**TASK BRIEF:** Pictures in the data below are not part of the copy; transcribe everything else exactly.

**PROVIDED DATA:**
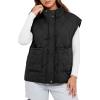 imageCicy Bell Womens Quilted Puffer Vest Stand Collar Zip Up Winter Lightweight Padded Gilet OuterwearBlack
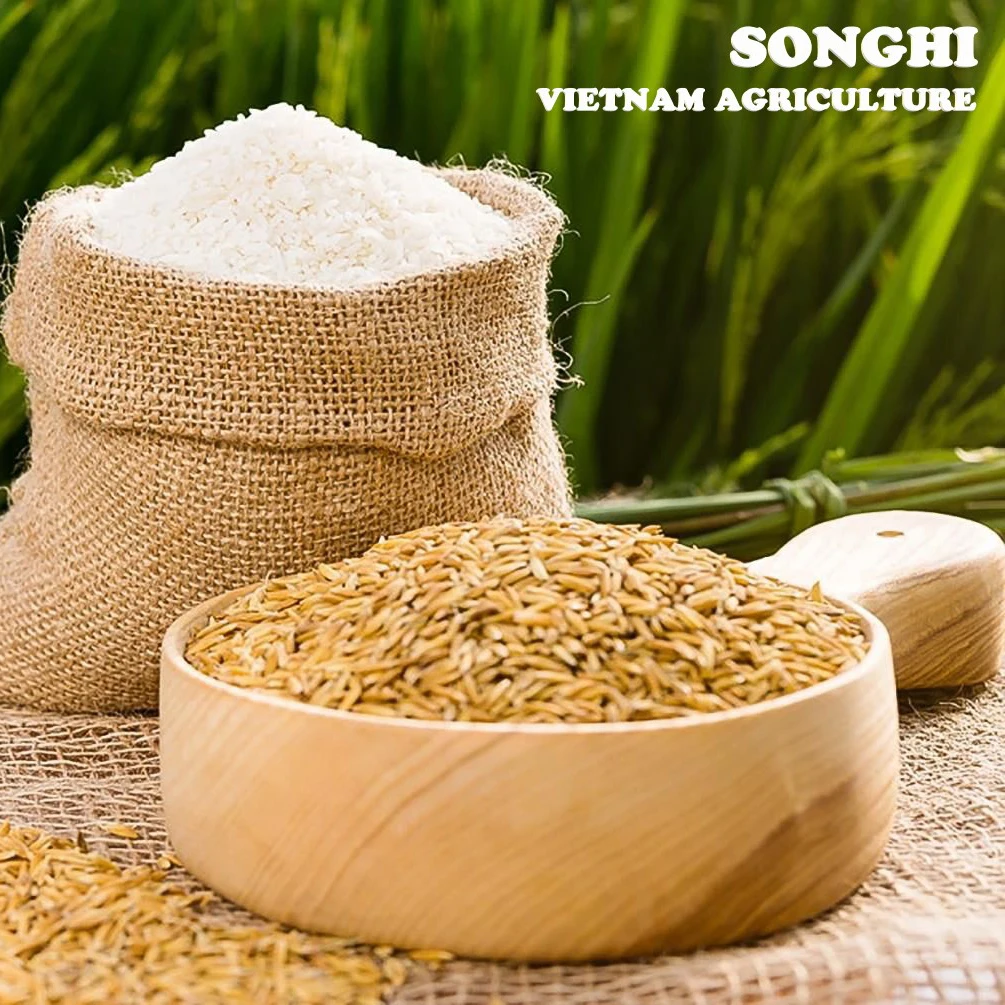 High quality White Rice from Vietnam / Best Rice with Competitive price and variety Packaging (ST24)
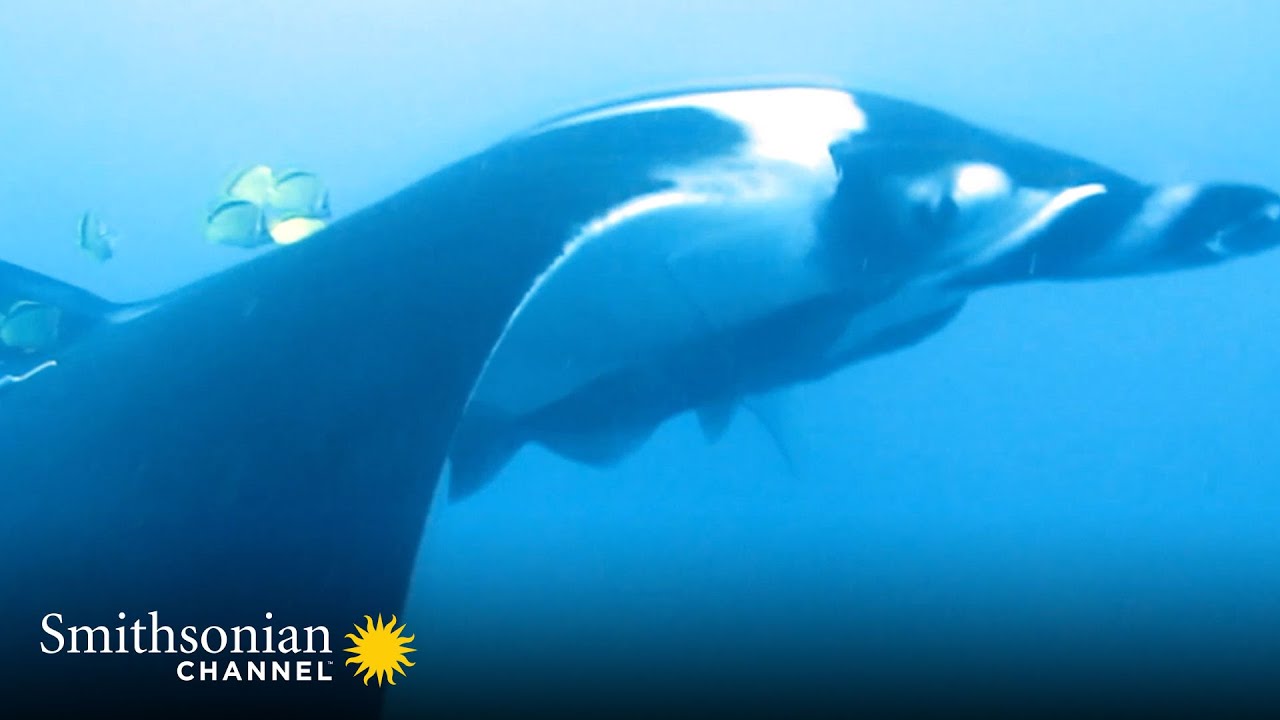 Manta Rays Are Smart Enough to Give These Fish Instructions 🐠 Great Blue Wild | Smithsonian Channel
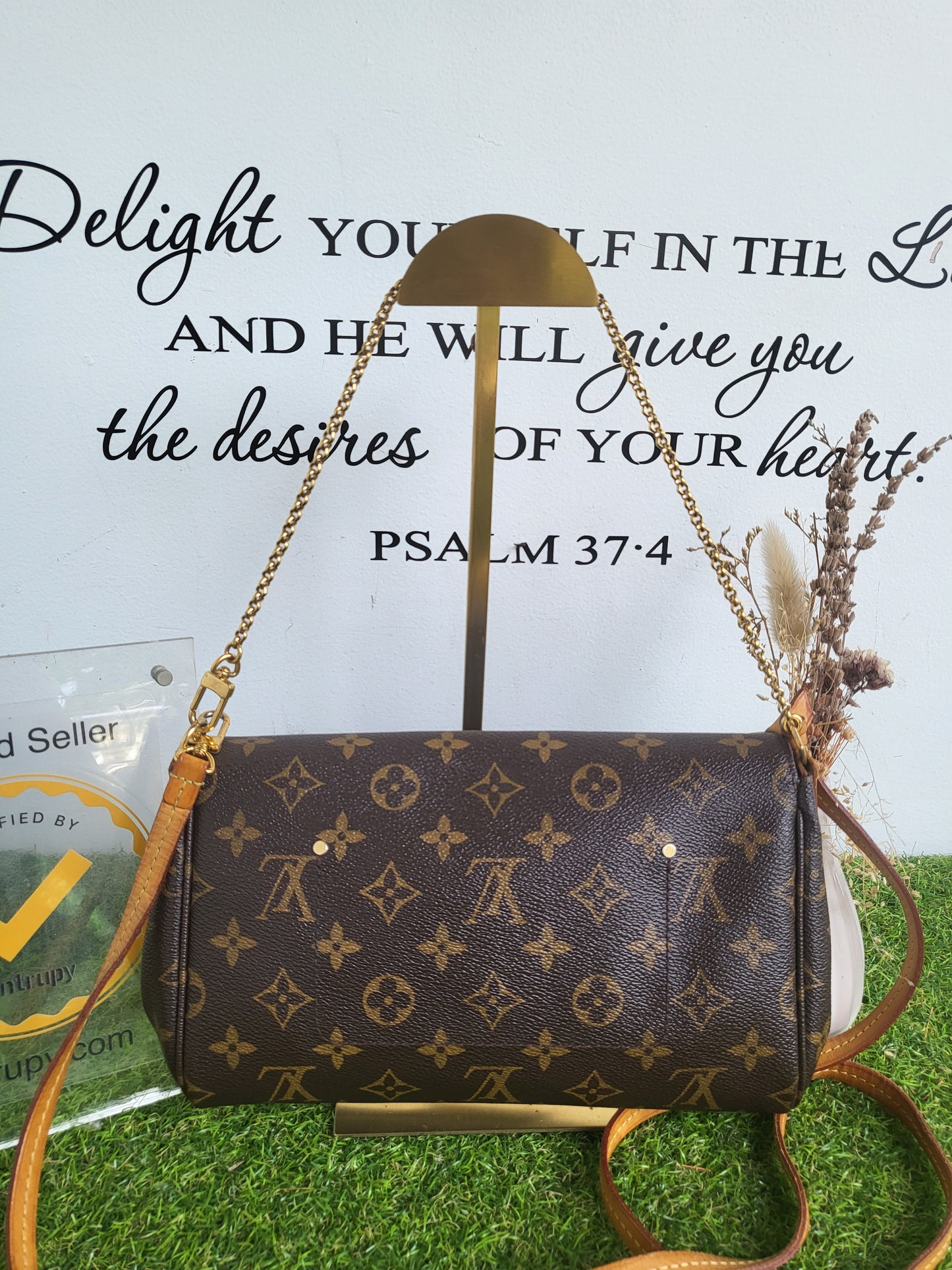 Louis Vuitton Favorite MM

**ANSWER TO THIS EXERCISE:**
 imageCicy Bell Womens Quilted Puffer Vest Stand Collar Zip Up Winter Lightweight Padded Gilet OuterwearBlack
 High quality White Rice from Vietnam / Best Rice with Competitive price and variety Packaging (ST24)
 Manta Rays Are Smart Enough to Give These Fish Instructions 🐠 Great Blue Wild | Smithsonian Channel
 Louis Vuitton Favorite MM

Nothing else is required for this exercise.